NFU Mutual calls for VAT cut

Change in Autumn statement could increase spending and pour cash into UK businesses, according to report

Insurance News

By Paul Lucas

If the UK Government is serious about driving the economy forward in this post-Brexit climate, then reducing VAT is the key.

That is the verdict of NFU Mutual, which found that two thirds of consumers would increase their spending if VAT were reduced. In fact, the survey suggested that as much as £19.3 billion may be ploughed back into UK businesses

Its research found that a cut in VAT by 5% could provide the average UK adult with extra spending power of £547 per year. With NFU Mutual’s research showing that 67% of consumers would increase some spend as a result of VAT savings, British businesses could therefore look forward to a potential cash injection of up to £19.3 billion.

Retail would be the sector set to benefit most, with over half (58%) of those increasing some spend using the cash to purchase items such as clothing, electrical goods and home and DIY products. High street and online stores could benefit from increased spend almost equally, with shares of 51% and 49% respectively.

“The encouraging sign is that there is clearly an appetite for increased spending among consumers,” said Paul Shattock, commercial sector specialist at NFU Mutual.

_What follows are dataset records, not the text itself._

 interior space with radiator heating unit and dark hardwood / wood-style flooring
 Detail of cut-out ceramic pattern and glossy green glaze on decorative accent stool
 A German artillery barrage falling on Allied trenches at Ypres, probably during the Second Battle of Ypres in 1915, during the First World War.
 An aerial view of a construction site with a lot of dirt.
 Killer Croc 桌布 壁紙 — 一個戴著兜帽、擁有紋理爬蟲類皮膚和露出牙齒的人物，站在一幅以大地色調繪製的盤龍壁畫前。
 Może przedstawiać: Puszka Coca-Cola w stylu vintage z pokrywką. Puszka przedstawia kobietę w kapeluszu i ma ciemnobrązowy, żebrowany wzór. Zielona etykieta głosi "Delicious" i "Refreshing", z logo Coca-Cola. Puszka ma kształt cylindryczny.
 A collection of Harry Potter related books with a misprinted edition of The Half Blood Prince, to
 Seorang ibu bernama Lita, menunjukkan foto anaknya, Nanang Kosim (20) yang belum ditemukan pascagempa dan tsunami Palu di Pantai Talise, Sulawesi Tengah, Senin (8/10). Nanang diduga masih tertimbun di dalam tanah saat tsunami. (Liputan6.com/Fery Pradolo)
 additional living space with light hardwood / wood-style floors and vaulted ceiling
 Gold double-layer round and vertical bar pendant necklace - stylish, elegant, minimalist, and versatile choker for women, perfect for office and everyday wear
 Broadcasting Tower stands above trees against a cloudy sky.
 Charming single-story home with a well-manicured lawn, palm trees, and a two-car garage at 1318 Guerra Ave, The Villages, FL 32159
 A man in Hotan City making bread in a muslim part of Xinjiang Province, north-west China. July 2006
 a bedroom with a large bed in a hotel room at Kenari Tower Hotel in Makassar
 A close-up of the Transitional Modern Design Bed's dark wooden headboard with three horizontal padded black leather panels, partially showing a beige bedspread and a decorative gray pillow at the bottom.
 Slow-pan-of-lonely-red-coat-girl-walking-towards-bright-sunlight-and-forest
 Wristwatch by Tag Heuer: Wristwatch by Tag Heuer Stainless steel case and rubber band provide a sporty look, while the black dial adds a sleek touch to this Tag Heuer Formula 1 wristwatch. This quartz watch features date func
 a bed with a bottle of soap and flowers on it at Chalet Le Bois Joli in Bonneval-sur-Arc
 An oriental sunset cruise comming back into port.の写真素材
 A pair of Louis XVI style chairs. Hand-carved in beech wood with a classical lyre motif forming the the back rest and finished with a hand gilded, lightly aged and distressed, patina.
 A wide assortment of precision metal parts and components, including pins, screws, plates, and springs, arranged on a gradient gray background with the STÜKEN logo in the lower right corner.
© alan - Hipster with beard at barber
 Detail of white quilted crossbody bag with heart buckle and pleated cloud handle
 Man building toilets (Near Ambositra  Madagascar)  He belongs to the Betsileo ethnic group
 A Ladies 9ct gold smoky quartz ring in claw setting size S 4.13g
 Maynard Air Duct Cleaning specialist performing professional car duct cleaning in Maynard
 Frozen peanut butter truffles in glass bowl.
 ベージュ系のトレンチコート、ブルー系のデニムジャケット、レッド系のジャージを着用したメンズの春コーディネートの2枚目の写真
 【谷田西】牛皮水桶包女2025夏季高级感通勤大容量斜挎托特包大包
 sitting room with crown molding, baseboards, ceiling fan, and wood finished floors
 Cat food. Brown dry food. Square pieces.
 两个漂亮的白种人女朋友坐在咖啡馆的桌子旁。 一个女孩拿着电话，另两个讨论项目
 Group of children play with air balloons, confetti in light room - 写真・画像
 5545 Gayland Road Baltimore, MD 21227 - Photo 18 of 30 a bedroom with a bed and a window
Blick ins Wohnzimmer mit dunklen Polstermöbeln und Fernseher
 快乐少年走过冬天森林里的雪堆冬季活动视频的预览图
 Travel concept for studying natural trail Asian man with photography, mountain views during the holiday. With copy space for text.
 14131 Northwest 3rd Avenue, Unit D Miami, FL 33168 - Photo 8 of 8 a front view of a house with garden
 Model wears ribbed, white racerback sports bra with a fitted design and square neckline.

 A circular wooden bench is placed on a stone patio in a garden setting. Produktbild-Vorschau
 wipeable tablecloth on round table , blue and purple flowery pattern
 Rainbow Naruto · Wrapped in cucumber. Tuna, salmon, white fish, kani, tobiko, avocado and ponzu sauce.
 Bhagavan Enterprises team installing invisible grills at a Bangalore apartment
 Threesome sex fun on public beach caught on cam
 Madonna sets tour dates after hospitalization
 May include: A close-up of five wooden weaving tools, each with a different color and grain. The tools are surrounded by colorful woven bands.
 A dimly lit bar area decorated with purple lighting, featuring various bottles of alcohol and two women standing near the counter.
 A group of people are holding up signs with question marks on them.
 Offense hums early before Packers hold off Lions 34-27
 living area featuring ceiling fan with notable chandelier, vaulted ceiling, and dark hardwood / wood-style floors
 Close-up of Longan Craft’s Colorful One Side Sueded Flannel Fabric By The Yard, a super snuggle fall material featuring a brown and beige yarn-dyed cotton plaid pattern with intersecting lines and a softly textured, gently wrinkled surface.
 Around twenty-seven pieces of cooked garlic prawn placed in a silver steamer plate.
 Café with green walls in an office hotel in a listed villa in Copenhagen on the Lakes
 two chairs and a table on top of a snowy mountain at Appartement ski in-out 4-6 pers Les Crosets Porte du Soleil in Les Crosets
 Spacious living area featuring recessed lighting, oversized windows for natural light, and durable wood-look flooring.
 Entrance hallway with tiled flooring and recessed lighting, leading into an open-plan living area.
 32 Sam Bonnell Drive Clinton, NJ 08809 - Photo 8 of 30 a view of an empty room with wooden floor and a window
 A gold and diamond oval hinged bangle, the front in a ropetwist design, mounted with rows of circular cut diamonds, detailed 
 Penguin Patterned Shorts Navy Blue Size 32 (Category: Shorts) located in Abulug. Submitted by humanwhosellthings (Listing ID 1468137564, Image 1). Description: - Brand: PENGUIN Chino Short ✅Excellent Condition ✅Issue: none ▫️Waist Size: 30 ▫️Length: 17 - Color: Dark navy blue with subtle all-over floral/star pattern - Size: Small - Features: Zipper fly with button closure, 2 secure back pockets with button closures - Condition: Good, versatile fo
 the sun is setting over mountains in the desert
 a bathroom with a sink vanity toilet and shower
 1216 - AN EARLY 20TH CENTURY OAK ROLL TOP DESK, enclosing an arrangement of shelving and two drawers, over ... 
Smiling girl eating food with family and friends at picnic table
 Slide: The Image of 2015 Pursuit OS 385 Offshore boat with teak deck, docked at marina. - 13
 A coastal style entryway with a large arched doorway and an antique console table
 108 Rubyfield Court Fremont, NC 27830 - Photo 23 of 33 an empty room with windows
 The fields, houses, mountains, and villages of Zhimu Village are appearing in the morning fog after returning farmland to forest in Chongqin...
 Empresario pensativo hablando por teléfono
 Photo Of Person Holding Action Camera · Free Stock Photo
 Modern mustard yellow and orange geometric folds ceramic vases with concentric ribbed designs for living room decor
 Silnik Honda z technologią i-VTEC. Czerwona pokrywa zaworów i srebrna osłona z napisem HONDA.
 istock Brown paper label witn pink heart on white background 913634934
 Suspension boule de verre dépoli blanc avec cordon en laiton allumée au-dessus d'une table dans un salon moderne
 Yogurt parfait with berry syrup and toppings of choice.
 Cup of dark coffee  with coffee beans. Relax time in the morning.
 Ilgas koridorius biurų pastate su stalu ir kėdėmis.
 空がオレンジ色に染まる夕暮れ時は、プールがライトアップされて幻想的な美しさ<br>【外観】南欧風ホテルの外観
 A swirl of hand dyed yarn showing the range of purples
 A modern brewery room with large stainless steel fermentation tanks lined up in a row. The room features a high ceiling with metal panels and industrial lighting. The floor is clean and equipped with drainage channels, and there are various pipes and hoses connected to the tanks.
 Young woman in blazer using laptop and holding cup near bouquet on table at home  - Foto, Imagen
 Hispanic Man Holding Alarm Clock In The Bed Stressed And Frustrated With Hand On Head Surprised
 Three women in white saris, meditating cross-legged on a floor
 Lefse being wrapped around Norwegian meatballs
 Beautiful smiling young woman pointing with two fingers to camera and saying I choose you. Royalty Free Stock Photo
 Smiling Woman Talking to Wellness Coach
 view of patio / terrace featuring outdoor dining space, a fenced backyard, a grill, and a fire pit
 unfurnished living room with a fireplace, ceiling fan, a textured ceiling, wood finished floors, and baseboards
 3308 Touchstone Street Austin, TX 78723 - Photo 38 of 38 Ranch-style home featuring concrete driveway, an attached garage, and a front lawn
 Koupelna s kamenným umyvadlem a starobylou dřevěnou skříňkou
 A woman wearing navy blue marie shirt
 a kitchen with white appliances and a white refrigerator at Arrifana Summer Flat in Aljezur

“With consumer spending coming under some pressure from rising inflation, the Chancellor’s decision to ‘reset’ fiscal policy could possibly include the option of cutting VAT by as much as 5% to support growth. Our research suggests that even in a more probable situation of a 1% cut, up to £3.9 billion could be ploughed into British business. With other announcements such as increased infrastructure spending seen as more likely, whether this opportunity can be delivered to customers and benefit UK businesses remains to be seen.”

The research found that over half of respondents that would increase spending (53%) would spend in UK hospitality industries on weekend breaks in the UK, eating out and hobbies and leisure. Over a third (36%) of spenders would increase spend on grocery shopping, for instance at the supermarket.